Okay — so my use case: 100,000 orders, each one a dict, each one needs discount + tax calculation. That should serialize fine and the work is heavy enough to pay back the overhead.
That is a textbook multiprocessing case. You would do something like:
from multiprocessing import Pool
def calculate_order_price(order):
subtotal = order['total']
discount = subtotal * order['discount']
after_discount = subtotal - discount
tax = after_discount * 0.1
final = after_discount + tax
return final
def calculate_batch_prices(orders, num_workers=4):
if not orders:
return []
with Pool(processes=num_workers) as pool:
return pool.map(calculate_order_price, orders)
if __name__ == '__main__':
orders = [
{'id': 'ORD-001', 'total': 100.0, 'discount': 0.1},
{'id': 'ORD-002', 'total': 200.0, 'discount': 0.2},
{'id': 'ORD-003', 'total': 50.0, 'discount': 0.05},
{'id': 'ORD-004', 'total': 150.0, 'discount': 0.15},
]
prices = calculate_batch_prices(orders)
print(prices) # [90.0, 160.0, 47.5, 127.5]
The Pool is a context manager — it automatically waits for all worker processes to finish and cleans them up when you exit the with block.
What is starmap()? I saw it in the docs.
map() passes each item as a single argument. starmap() unpacks each item as multiple arguments. If you had orders with nested structure, you might do:
def calculate_prices_for_customer(customer_id, order_ids, discount_rate):
# Process all orders for one customer with a specific rate
pass
with Pool(processes=4) as pool:
results = pool.starmap(calculate_prices_for_customer, [
('CUST-001', ['ORD-001', 'ORD-002'], 0.1),
('CUST-002', ['ORD-003', 'ORD-004'], 0.2),
])
Each tuple in the list becomes separate arguments to the function. But for your use case — one order at a time — map() is what you want.
If I am using 4 worker processes and I have 100,000 orders, they all get processed eventually, right? The workers keep taking new orders until the queue is empty?
Exactly. The Pool queues all 100,000 items. Workers take an order, process it, return the result, and take the next one. The with block does not return until all items are processed. You get back a list of 100,000 prices in the same order as the input orders.
So the cost-benefit is: pay upfront overhead for process startup and pickle serialization, but get true parallelism. If the work is light, you lose. If the work is heavy, you win.
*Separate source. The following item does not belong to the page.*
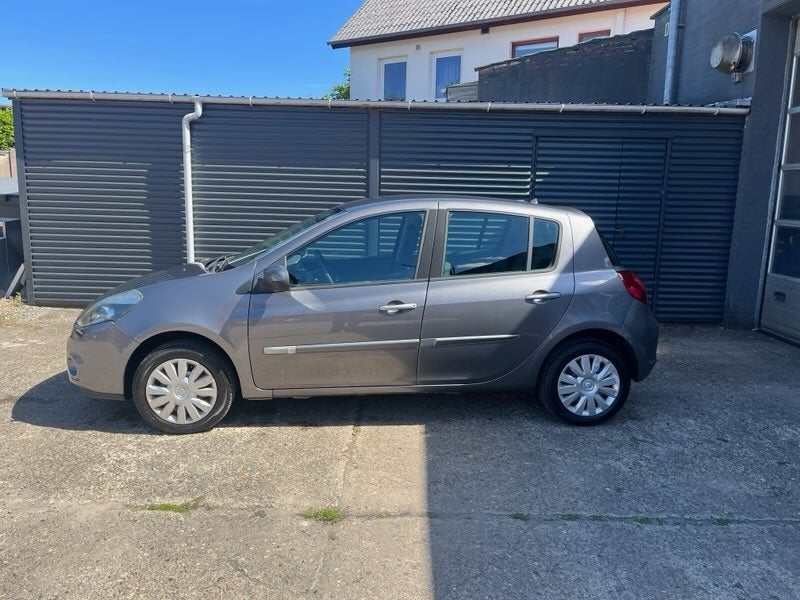 Renault Clio III 1,2 16V Authentique 5d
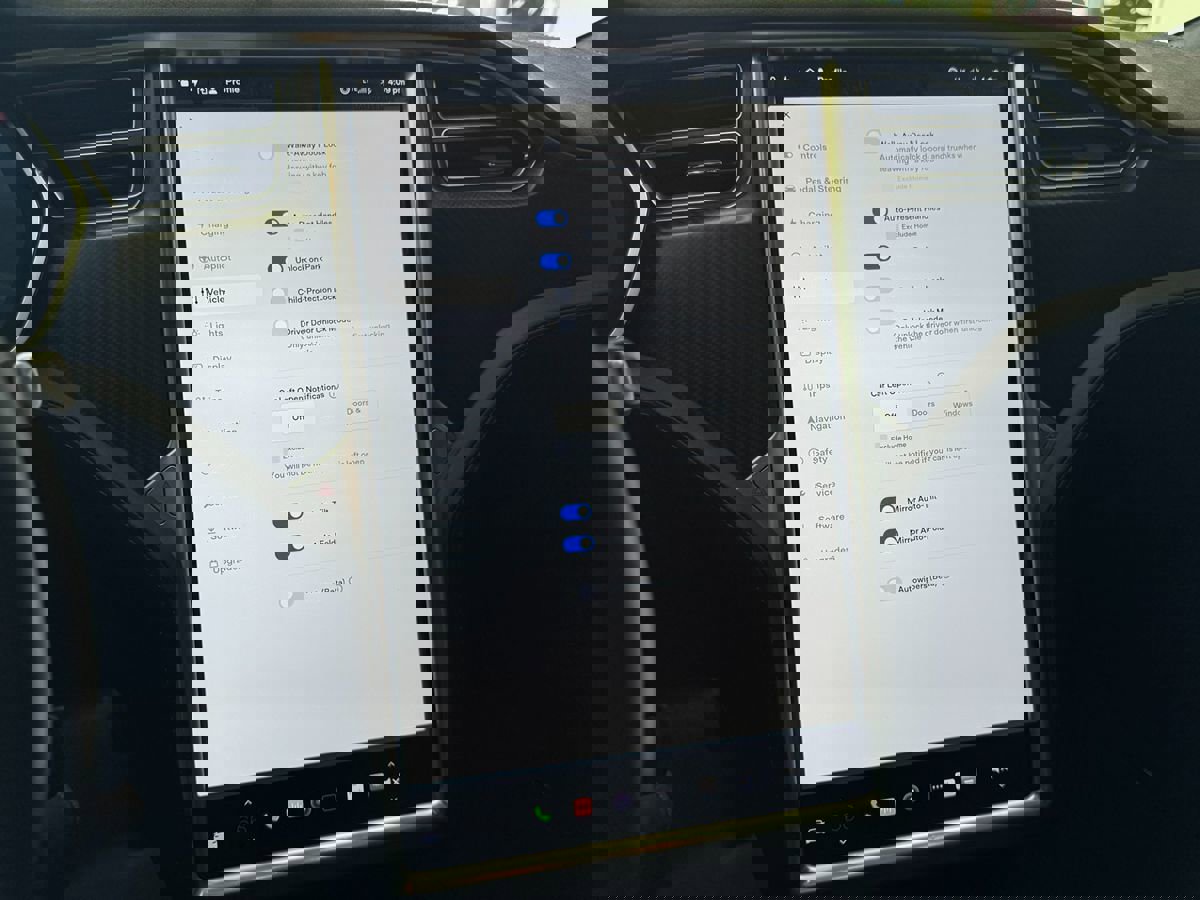 Used 2017 Tesla Model S 75D image 30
That is the precise tradeoff. And you have three concurrency models now: threading for I/O, multiprocessing for CPU, and async for both if you write your own coroutines. Each one is the right answer to exactly one type of problem.
What about the third one? You mentioned it before.
Tomorrow we get to async and await — the syntax that lets you write code that looks sequential but is actually driven by event loops, managing I/O concurrency without threads. It is the most flexible model once you understand it. But it requires you to break your code into pieces and surrender control to the loop. Threading and multiprocessing let you write straight-line code and let Python handle the concurrency. Async requires you to think asynchronously from the start.
So I learn threading for I/O on Day 10 — got it. Day 11 is multiprocessing for CPU — got it. Day 12 is async for... both? But harder?
Harder to understand, more flexible once you do. But yes — three tools, three mental models, and by end of week you will know which hammer to reach for depending on the nail.